С Валерием мы учились на одном курсе. В одной группе.
Ну что ж, с ним, видимо, надо прямо, без обиняков.
Примем его тактику.
— Он не закончил. Вы не знаете почему?
— Нет, не интересовался.
— На каком курсе Залесский ушёл из института?
— После четвёртого.
— Странная позиция. Товарищ бросает учёбу, и вас это не касается. — Ильин пожал плечами. — Вы комсомолец?
— Член партии.
— Давно?
— Вступил на третьем курсе института.
— Тем более…
— Мы, кажется, с вами не на заседании парткома… — Он усмехнулся.
— Я не касаюсь ваших партийных обязанностей, — сказал я сухо. — Просто мне кажется, в человеческом плане член партии должен быть более принципиальным, чем другие…
— Вы не знаете меня, а уже делаете какие-то выводы, — перебил он.

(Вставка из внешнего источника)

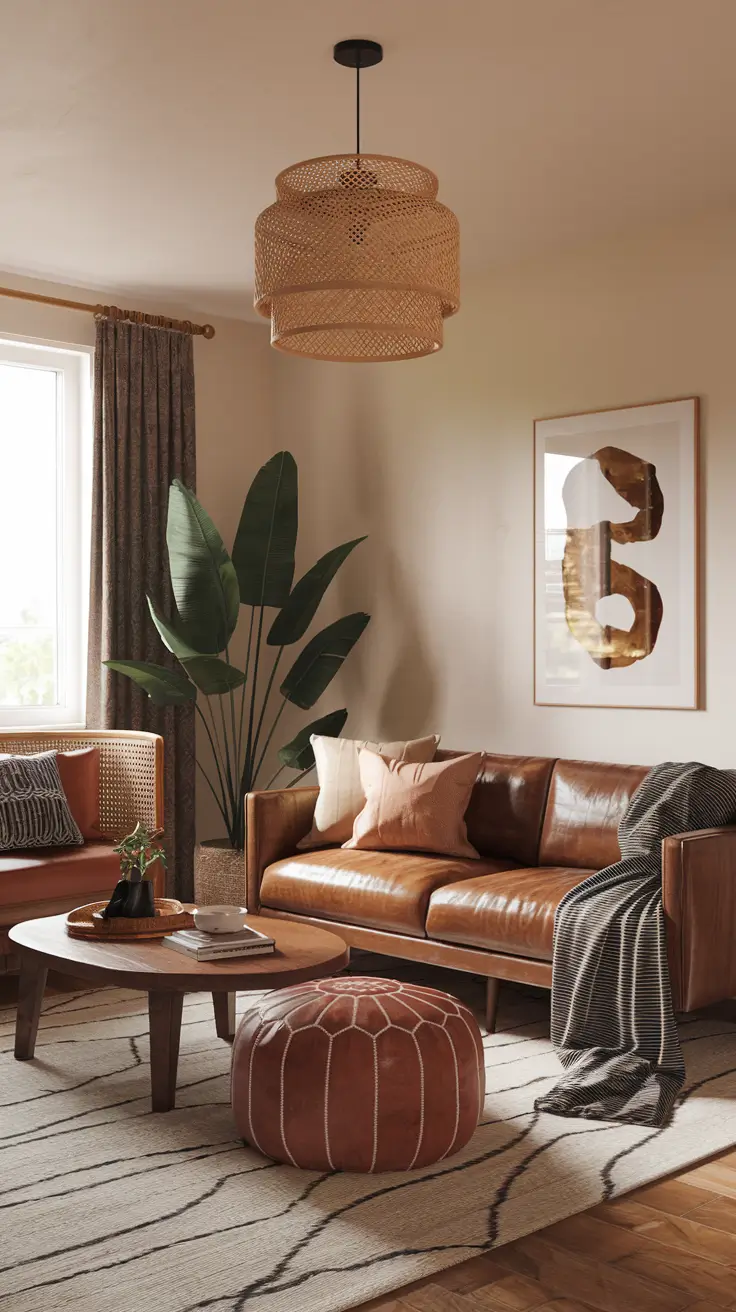 Floor Lamps for Living Room 2026: Modern, Trendy & Bright Ideas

— Хочу узнать, — спокойно произнёс я.
Ильин сурово спросил:
— Любопытно знать зачем?
— Имею я право на простую человеческую любознательность?
— Конечно.
— Благодарю вас. Чтобы устранить возможные недоразумения, хочу вам сказать: меня интересуют в сегодняшнем нашем разговоре кое-какие подробности о супругах Залесских.
— Я так и понял.
— Ну и прекрасно… Вы были с Залесским друзьями?
Ильин мгновение помедлил.
— Говоря честно, так и не стали.
— А Залесскую, тогда Кирсанову, вы хорошо знали?
— Достаточно.
— Как? По учёбе, общественной работе или вне студенческой обстановки?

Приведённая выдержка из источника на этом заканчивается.